I realize a lot of moms feel insecure about this type of thing to start with, which makes the nanny-parent relationship awkward. And they also expect nannies to be Child Raising Experts which i notice a lot of nannies, especially the ones with fancy degrees, are happy to play up. But I think that sets one up for failure and makes the relationship more awkward because as a mom you don't know where your authority can come from especially when you feel you're not spending enough time to know your kid, and you feel awkward about, like Tina Fey did, to tell you nanny to not cut the kids nails too short. It becomes this whole "you're the expert but you're not doing your job properly" thing when it feels healthier to be like "we're all stakeholders in raising this child well". I found it least conflicting to let our nanny treat our kid like one of her grandkids. It involved dietary, safety and disciplinary choices we would totally not have made, but we were broadly aligned on the general idea, it's FINE for a half a day at a time, expands all our horizons, and we can later communicate expectations like we would with an inlaw.
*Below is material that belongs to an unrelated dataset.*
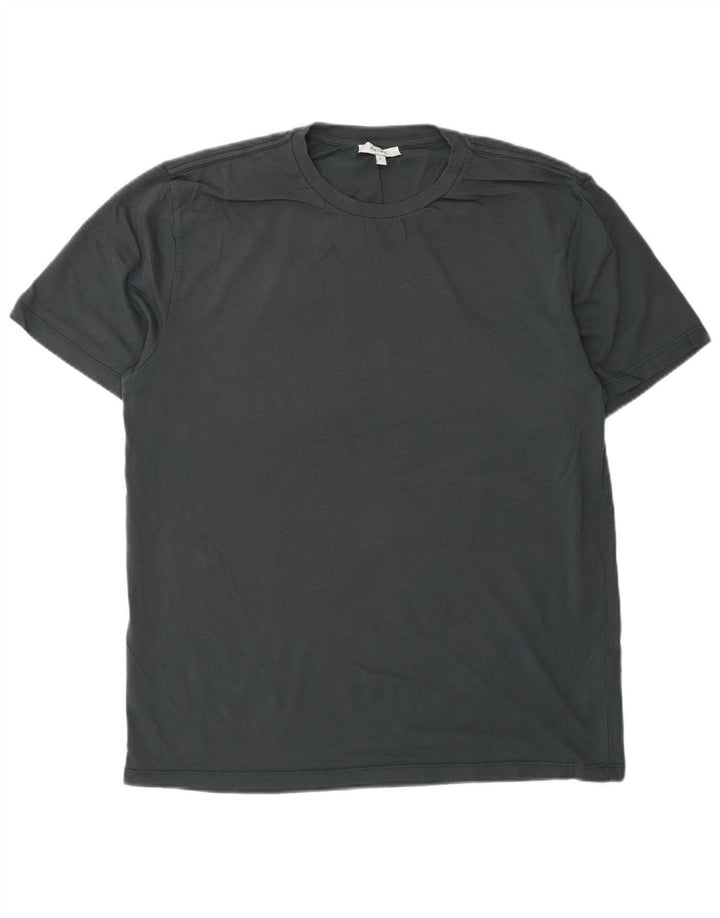 Reiss Herren T-Shirt Top Large Blau Baumwolle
When I was a SAHM though, it was a lot of taking my kid to the park and everyone would assume I'm the nanny. When I'd been working, I saw people think our nanny was our kid's mom/grandma. I realized it didn't actually bother me unless the assumer was being weird about it.

I find it totally weird that the artwork is titled "Mother's Work". Sure, they can justify it saying it's about the nannies also being mothers, but... it's just naughty and aimed exactly at this kind of discourse.